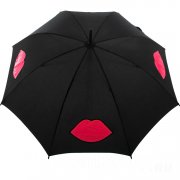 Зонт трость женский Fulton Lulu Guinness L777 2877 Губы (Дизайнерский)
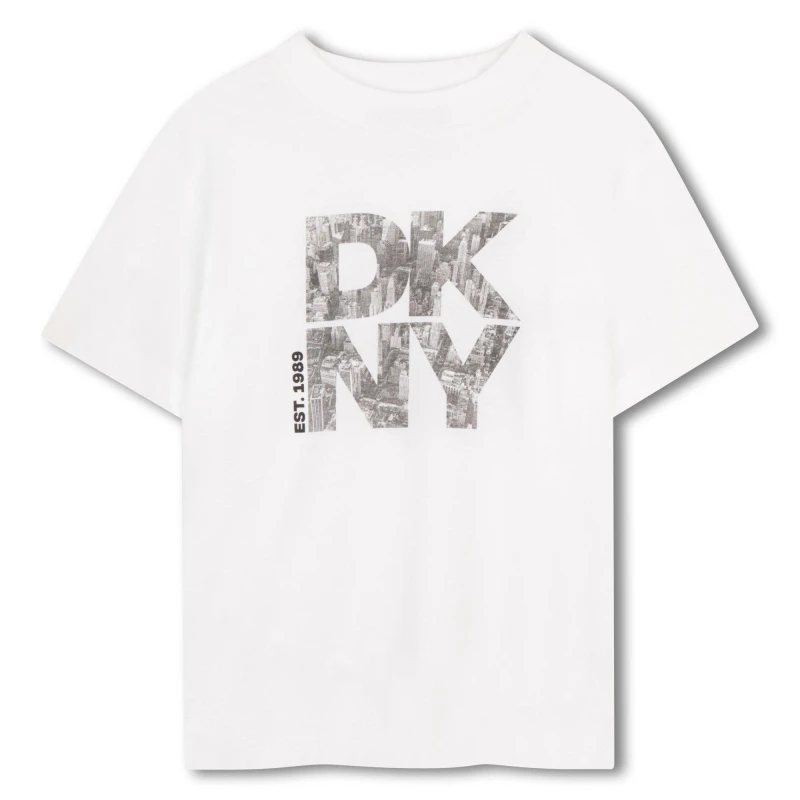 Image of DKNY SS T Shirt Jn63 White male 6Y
==
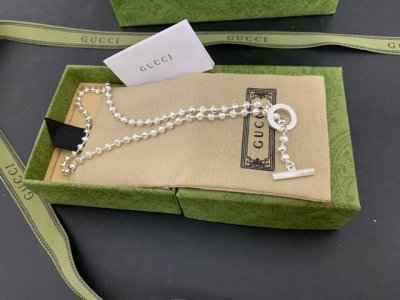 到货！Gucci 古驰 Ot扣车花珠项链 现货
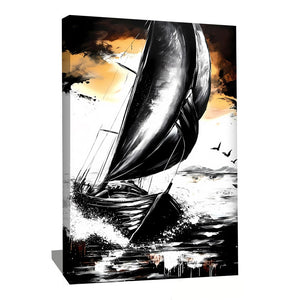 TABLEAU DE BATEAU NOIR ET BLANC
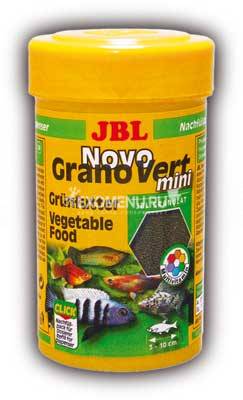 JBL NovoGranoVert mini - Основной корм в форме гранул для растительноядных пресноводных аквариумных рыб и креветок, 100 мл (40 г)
--
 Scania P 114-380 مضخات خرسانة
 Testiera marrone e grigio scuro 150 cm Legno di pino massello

PROBLEM STATEMENT:
Going by the entries above, repeat exactly the lines that start at the line with "Зонт трость женский" and go on through the line with "Image of DKNY SS T Shirt Jn63 White male 6Y". Pictures are not part of the copy.

TASK RESULT:
 Зонт трость женский Fulton Lulu Guinness L777 2877 Губы (Дизайнерский)
 Image of DKNY SS T Shirt Jn63 White male 6Y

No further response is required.